_Information provided_:
****************************************
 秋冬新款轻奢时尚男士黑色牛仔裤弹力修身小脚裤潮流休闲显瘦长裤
****************************************
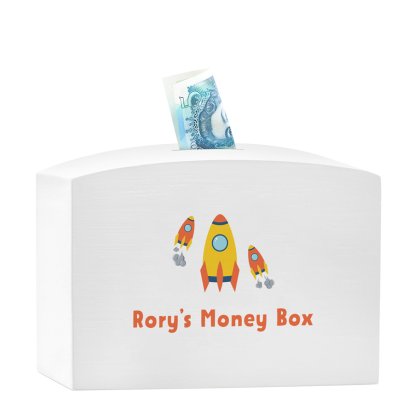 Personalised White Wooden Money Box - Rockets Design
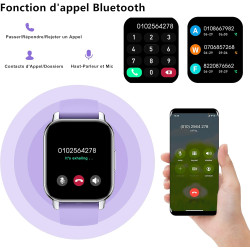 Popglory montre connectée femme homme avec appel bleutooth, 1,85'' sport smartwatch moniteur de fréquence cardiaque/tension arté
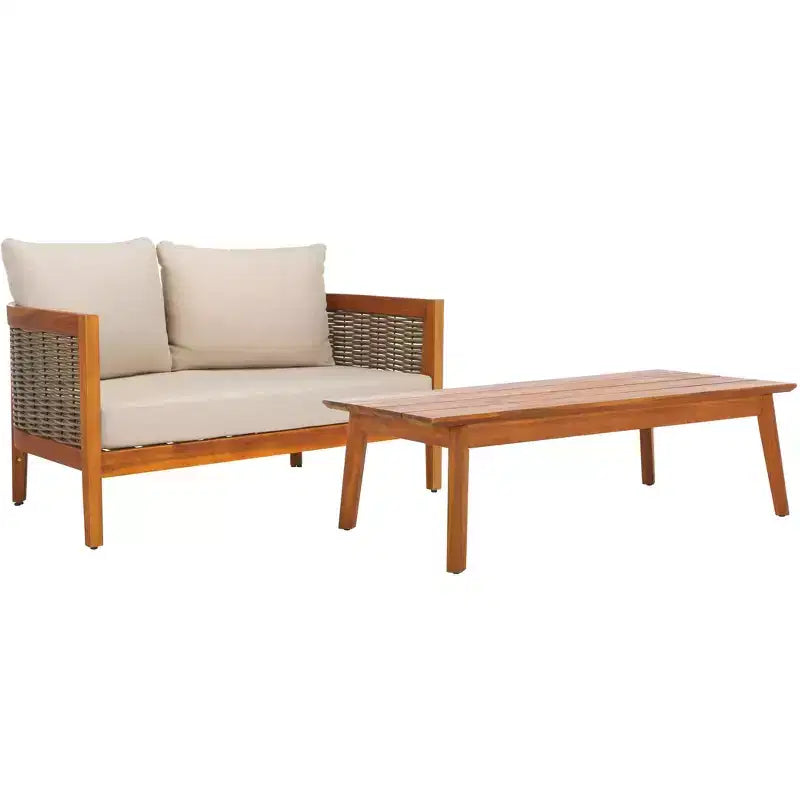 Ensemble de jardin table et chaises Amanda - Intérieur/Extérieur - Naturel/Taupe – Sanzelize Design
****************************************
_Instructions to follow_: Using the material above, reproduce only the lines that run from the line with "Popglory montre connectée" up to and including the line with "Ensemble de jardin", exactly, with the pictures dropped.

_Completed task_:
 Popglory montre connectée femme homme avec appel bleutooth, 1,85'' sport smartwatch moniteur de fréquence cardiaque/tension arté
 Ensemble de jardin table et chaises Amanda - Intérieur/Extérieur - Naturel/Taupe – Sanzelize Design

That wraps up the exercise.